Strage in una sinagoga a Gerusalemme, quattro le vittime

Strage in una sinagoga a Gerusalemme, quattro le vittime

E’ stata una scena da film dell’orrore quella che si sono trovati di fronte i soccorritori. Due uomini sono entrati all’alba in una sinagoga di Gerusalemme e hanno ucciso quattro israeliani e feriti altri otto. Due sono in gravissime condizioni. Sangue ovunque dato che i due attentatori, poi freddati dalla polizia, hanno usato delle accette, un coltello ed un’arma da fuoco. Le quattro vittime uccise dai due uomini sono state trovate avvolte ognuno nel proprio talled, lo scialle di preghiera ebraica, ed erano tutti rabbini. Tre di essi avevano, oltre alla cittadinanza israeliana, anche quella americana. Il quarto era di origine britannica.

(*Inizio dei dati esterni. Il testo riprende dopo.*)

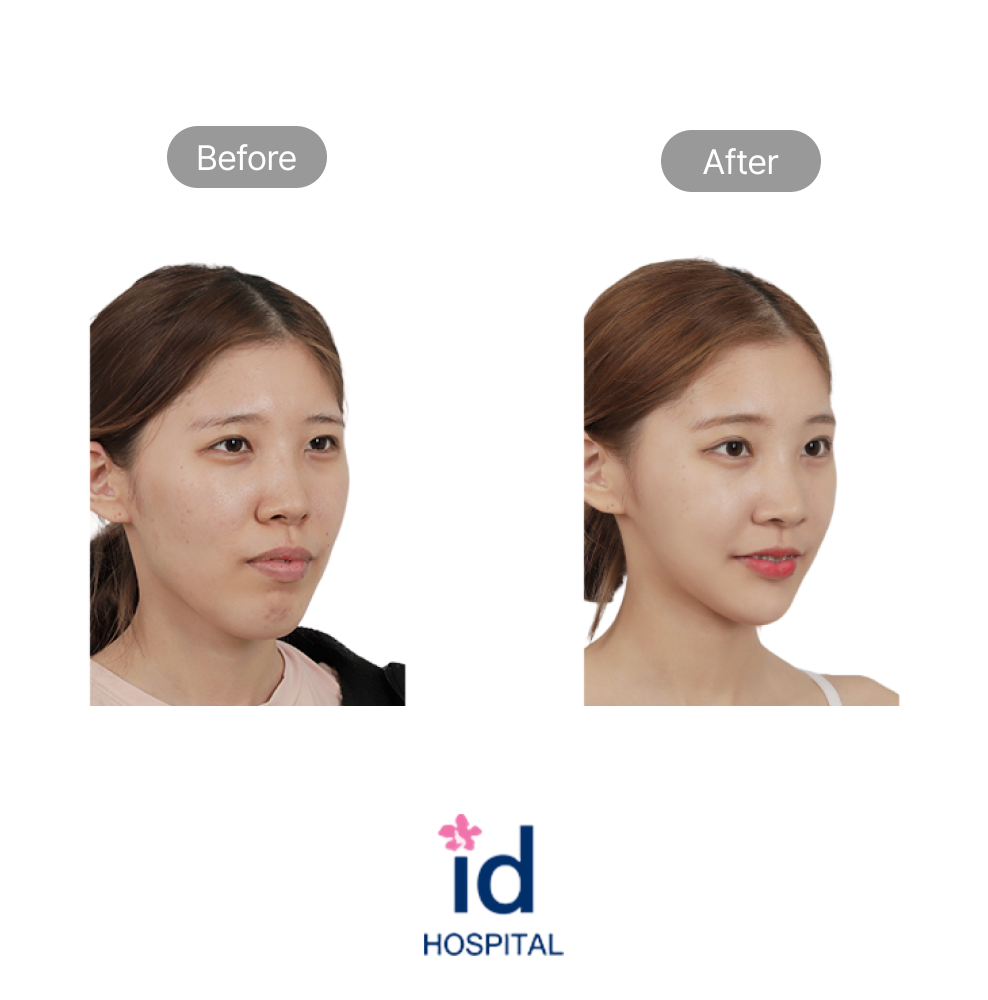 No-Tie Double Jaw Surgery, High-L Zygoma Reduction, and Protruding Mouth Surgery Before and After at ID Hospital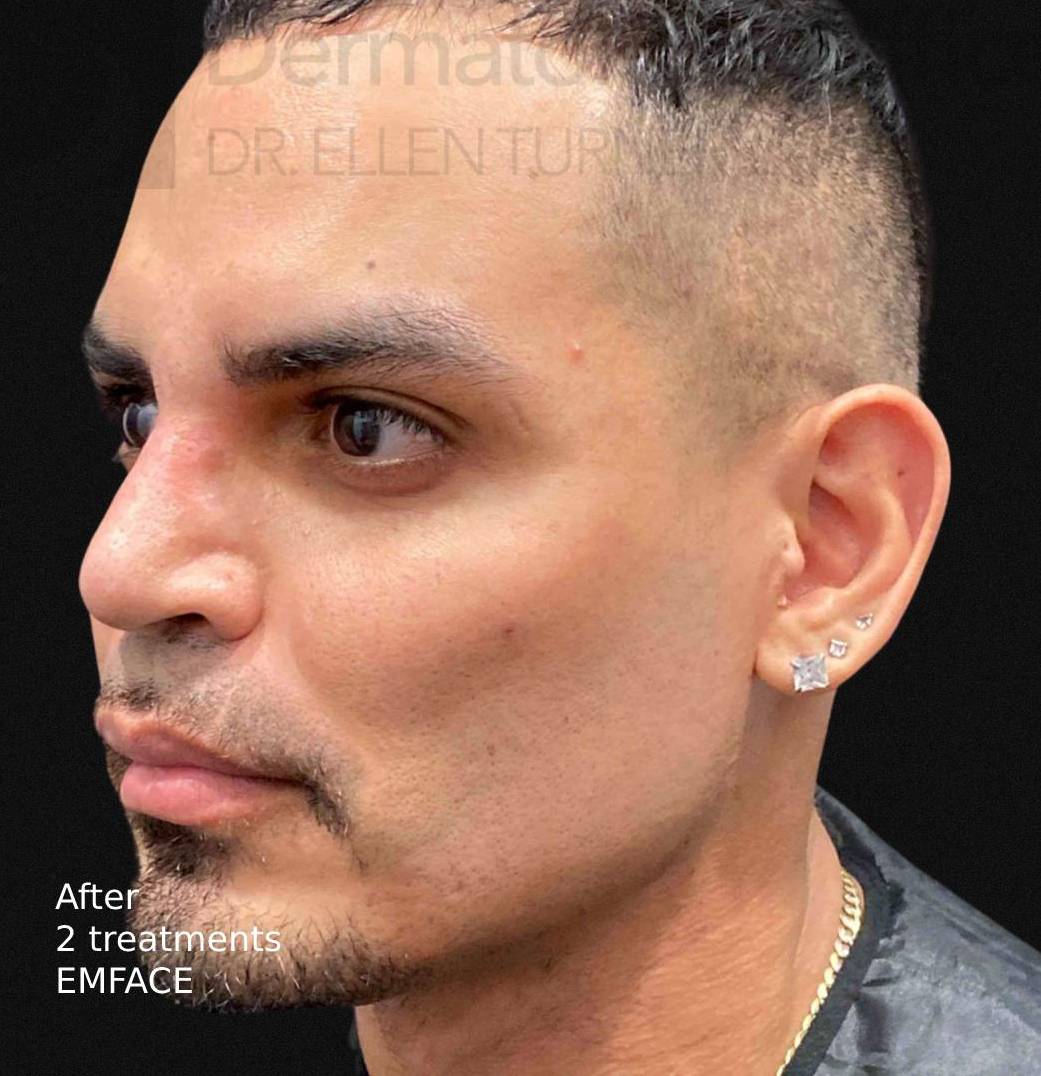EMFACE (2 treatment) Before and After Case-23 After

L’attacco si è verificato nel sobborgo ortodosso di Har Nof. I due attentatori erano cugini palestinesi residenti a Gerusalemme est, a Jabel Makuber, ed erano in possesso di documenti che permettevano loro di muoversi liberamente dentro i confini di Israele. Dopo l’accaduto, la polizia ha effettuato delle ispezioni e degli arresti nelle case dove abitavano. Non ci sono state rivendicazioni ma il “Fronte popolare per la liberazione della Palestina” ha riconosciuto che i due erano loro attivisti. In queste settimane gli attacchi contro israeliani si sono moltiplicati ma non sembra che esista una strategia comune dietro gli attentati.

Hamas si sarebbe rallegrato dell’accaduto. Lo avrebbe riferito il suo portavoce Mushir al-Masri, giustificando l’attentato come la rivendicazione del morte avvenuta ieri del conducente di autobus palestinese Yusuf al-Rumani. Per il premier israeliano Benyamin Netanyahu i responsabili sono Hamas e il presidente palestinese Abu Mazen che avrebbero incitato l’attacco.